Posted July. 06, 2017 07:12,
Updated July. 06, 2017 07:22
Before departing for Germany on Wednesday for an official visit and a Group of 20 summit, President Moon Jae-in said that the Korean Peninsula is “in a precarious crisis situation” following North Korea’s latest launch of an intercontinental ballistic missile (ICBM). He also supported the South Korea-U.S. joint missile muscle-flexing, saying that the North Korean launch was not an issue to respond to only with a statement, suggesting that he was determined to show action against Pyongyang’s crossing the red line. In a related move, the South Korean military released a computer-animated video showing its high-profile missiles that can be used for possible operations to “decapitate” the North Korean leadership.

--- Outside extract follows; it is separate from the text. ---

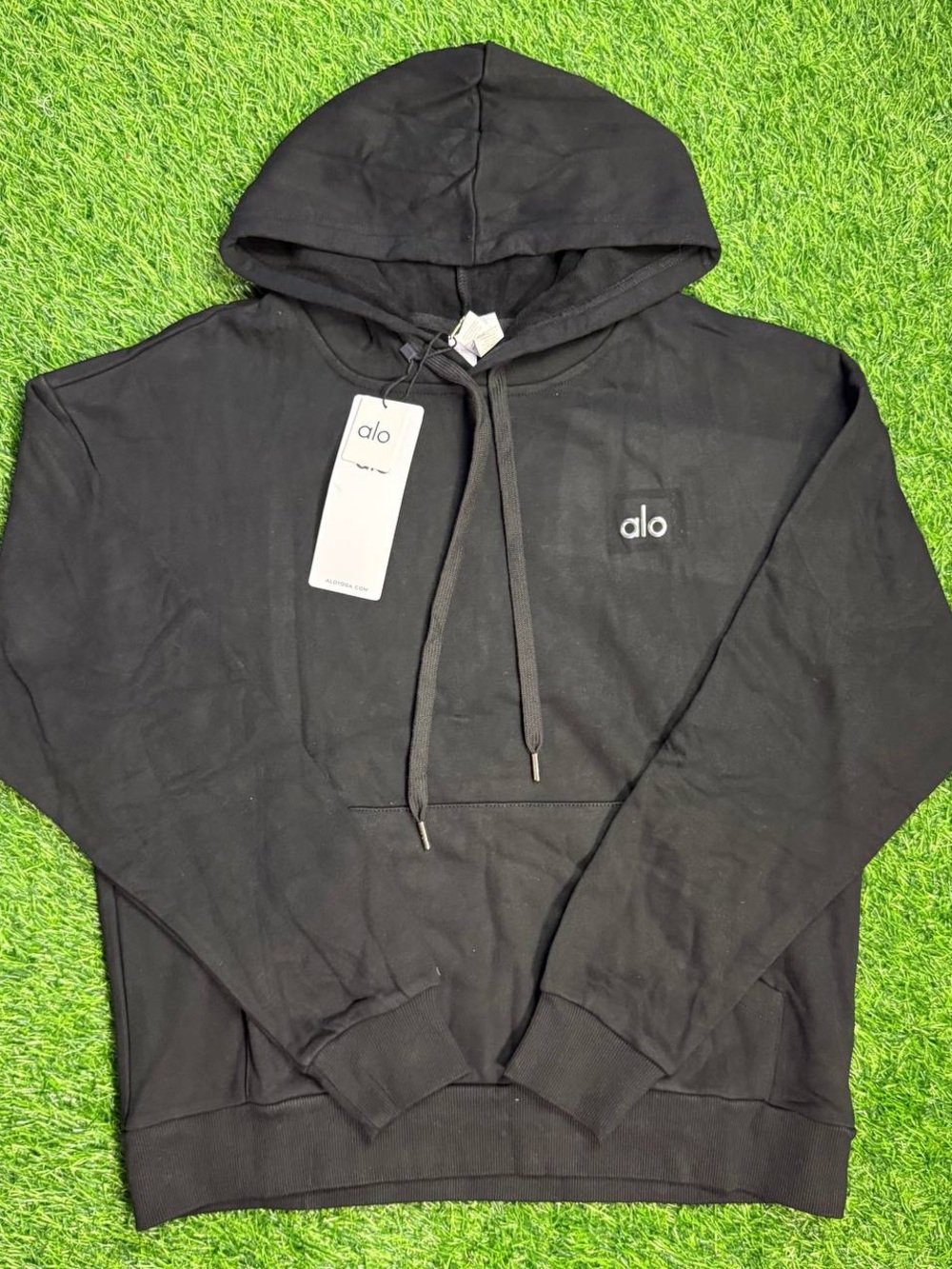 ALO Yoga Black Pullover Hoodie with Small Logo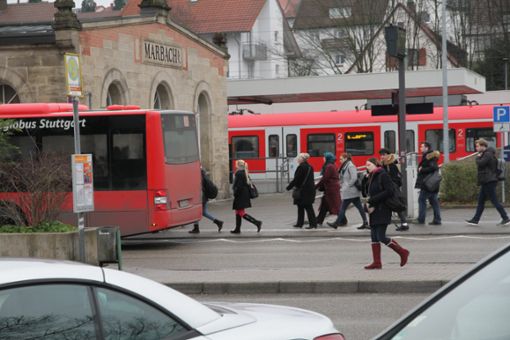 Pendler wünschen sich einen nahtlosen Übergang zwischen Bus und Bahn. Foto: Oliver von Schaewen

On Wednesday, North Korea reaffirmed that it would never abandon its nuclear and missile program, claiming that it was capable of mounting a nuclear warhead on the ICBM dubbed “Hwasong-14” and proved its atmosphere re-entry technology. The United States also officially confirmed the North’s launch of an ICBM, vowing to use “the full range of capabilities at our disposal against the growing threat.” Considering the mounting hardline opinions against provocation in the United States, there is a high chance that calls for a pre-emptive strike against the North will re-emerge. As was the case in October 2006 when Washington and Pyongyang made rapid progress in their negotiations following the North’s first nuclear test, however, the possibility cannot be ruled out that Pyongyang escalates tension to a peak, prompting the Trump administration to make an about-face in its approach to the North.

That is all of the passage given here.